● Material to process:
+ + + + +
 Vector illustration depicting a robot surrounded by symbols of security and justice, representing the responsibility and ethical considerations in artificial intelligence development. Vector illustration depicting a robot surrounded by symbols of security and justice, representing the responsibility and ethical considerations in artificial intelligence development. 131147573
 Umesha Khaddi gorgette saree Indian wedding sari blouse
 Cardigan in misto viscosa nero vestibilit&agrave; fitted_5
+ + + + +
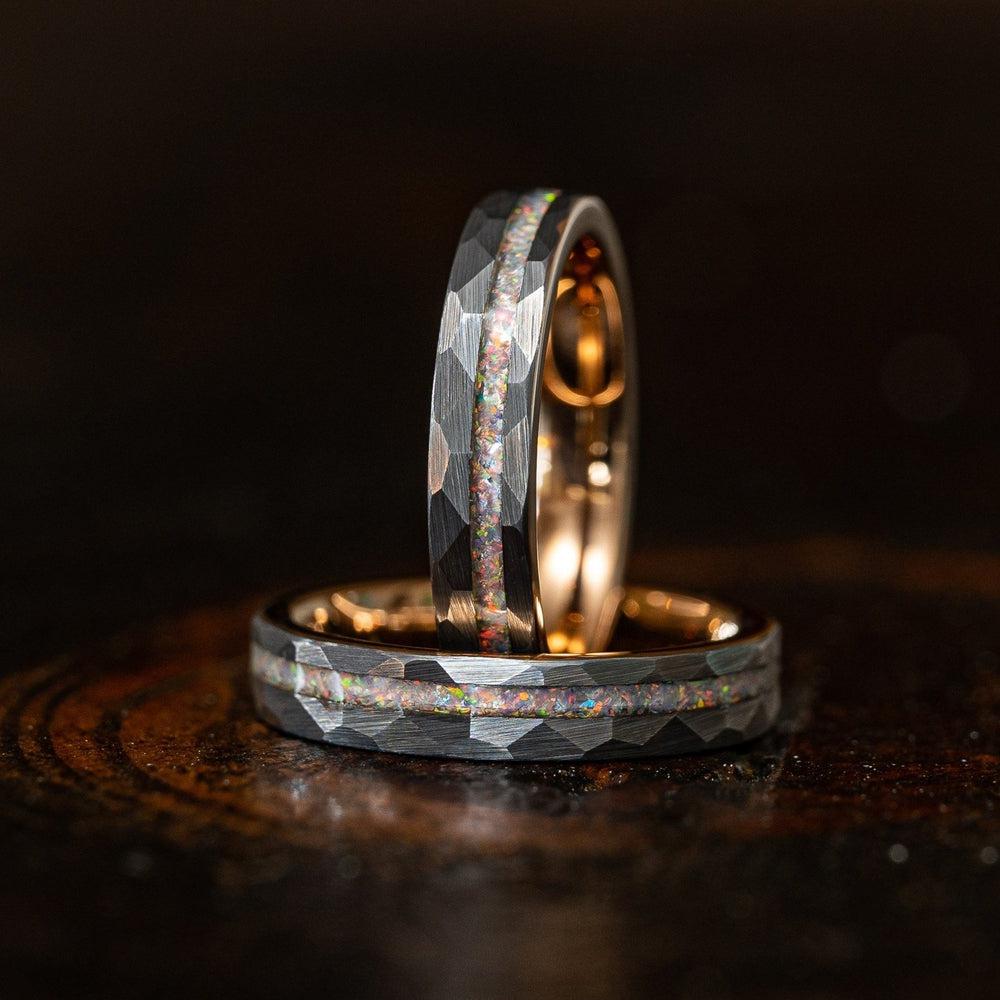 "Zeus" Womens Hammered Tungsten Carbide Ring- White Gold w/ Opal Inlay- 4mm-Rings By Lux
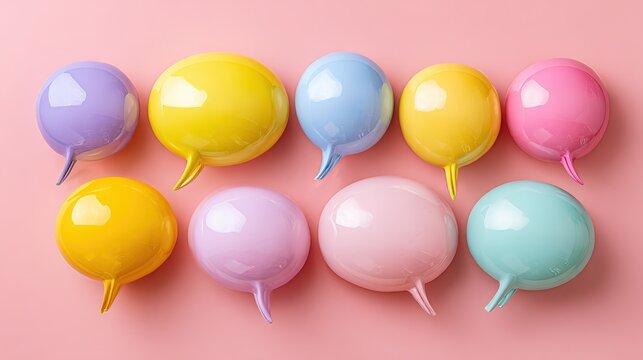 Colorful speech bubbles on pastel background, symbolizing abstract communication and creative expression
+ + + + +
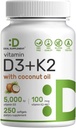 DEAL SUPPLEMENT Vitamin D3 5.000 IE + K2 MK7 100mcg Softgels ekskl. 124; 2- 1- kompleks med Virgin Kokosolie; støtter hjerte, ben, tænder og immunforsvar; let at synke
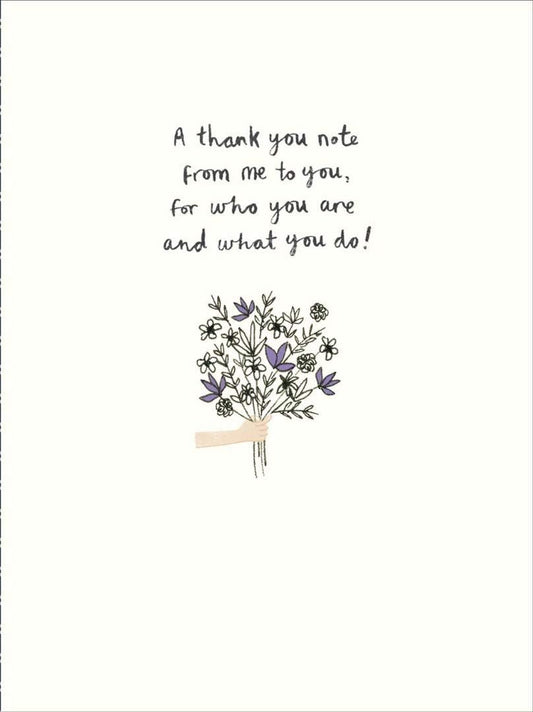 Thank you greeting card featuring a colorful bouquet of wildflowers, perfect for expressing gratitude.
+ + + + +
● Required work:
Could you return exactly the stretch of the data above that starts at the line with "intelligence development. 131147573" and ends at the line with "Cardigan in misto", both lines included?

● Result of the exercise:
 Vector illustration depicting a robot surrounded by symbols of security and justice, representing the responsibility and ethical considerations in artificial intelligence development. Vector illustration depicting a robot surrounded by symbols of security and justice, representing the responsibility and ethical considerations in artificial intelligence development. 131147573
 Umesha Khaddi gorgette saree Indian wedding sari blouse
 Cardigan in misto viscosa nero vestibilit&agrave; fitted_5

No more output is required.